-- Provided entries follows --

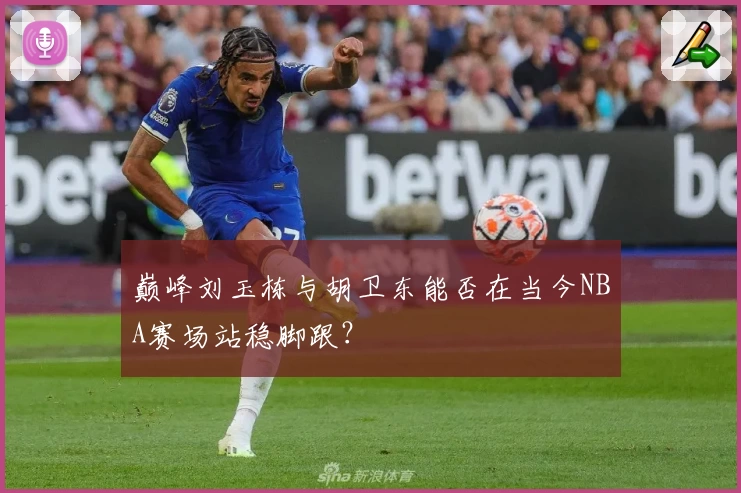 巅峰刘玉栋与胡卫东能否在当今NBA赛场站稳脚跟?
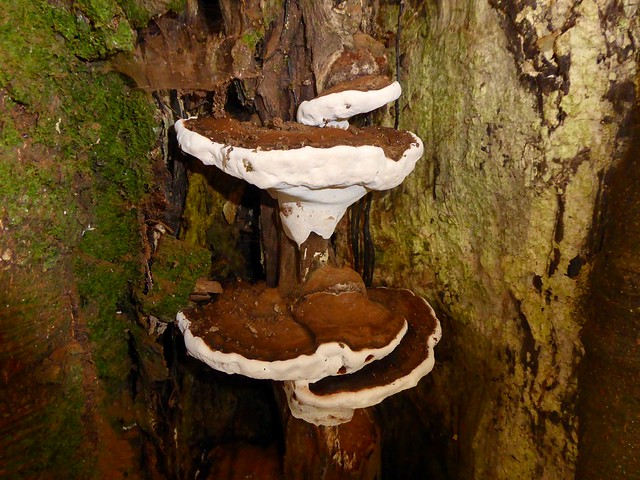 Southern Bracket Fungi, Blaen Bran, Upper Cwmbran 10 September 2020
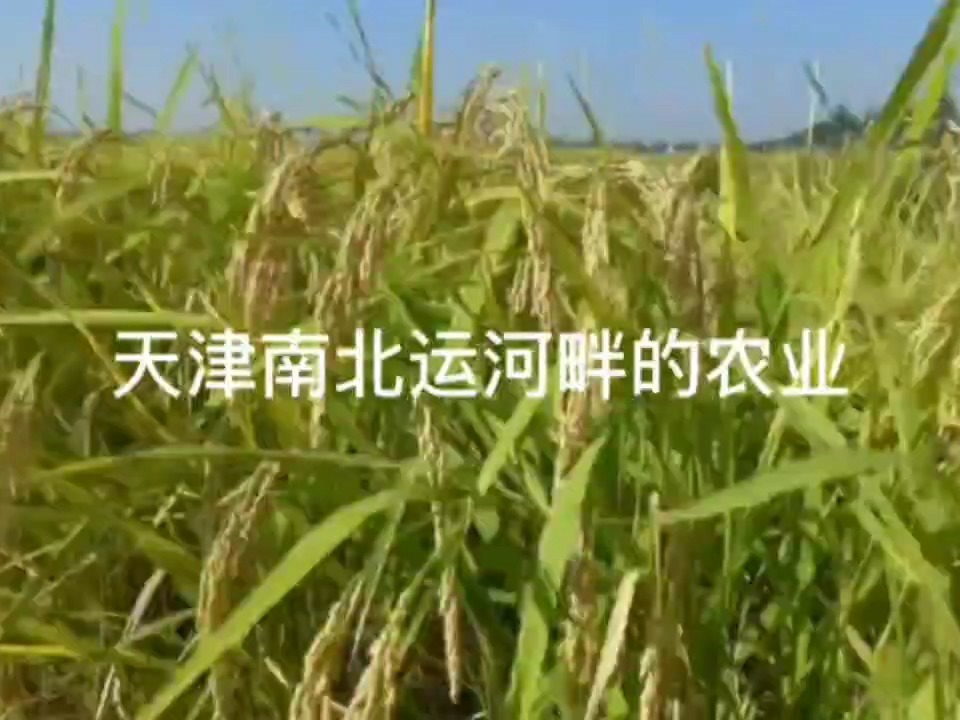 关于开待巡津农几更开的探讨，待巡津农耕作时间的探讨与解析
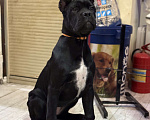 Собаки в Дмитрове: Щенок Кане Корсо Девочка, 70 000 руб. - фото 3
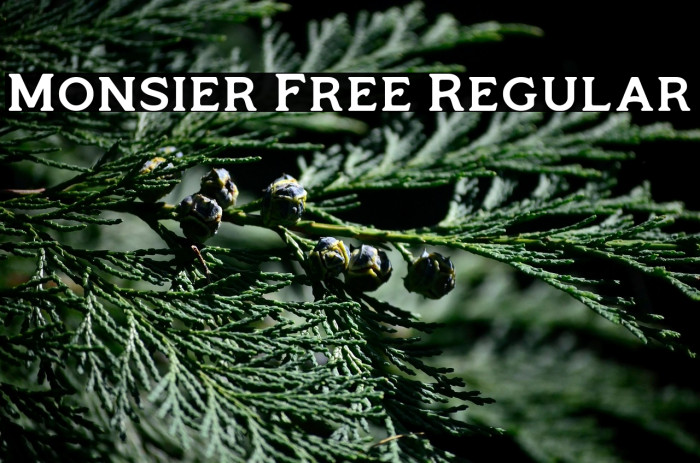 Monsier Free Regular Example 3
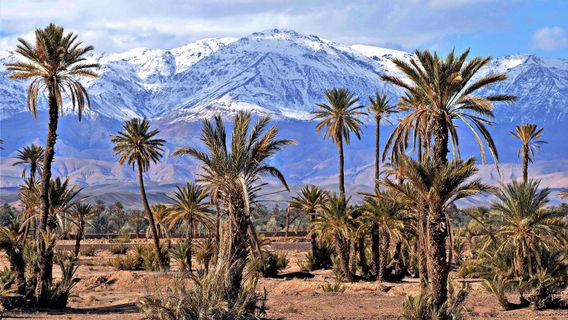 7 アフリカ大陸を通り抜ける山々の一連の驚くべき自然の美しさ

-- Provided entries concluded --

All lines from the one with "Собаки в Дмитрове: Щенок" through the end of the records above must be reproduced exactly, both ends included, and the pictures must be left out.

 Собаки в Дмитрове: Щенок Кане Корсо Девочка, 70 000 руб. - фото 3
 Monsier Free Regular Example 3
 7 アフリカ大陸を通り抜ける山々の一連の驚くべき自然の美しさ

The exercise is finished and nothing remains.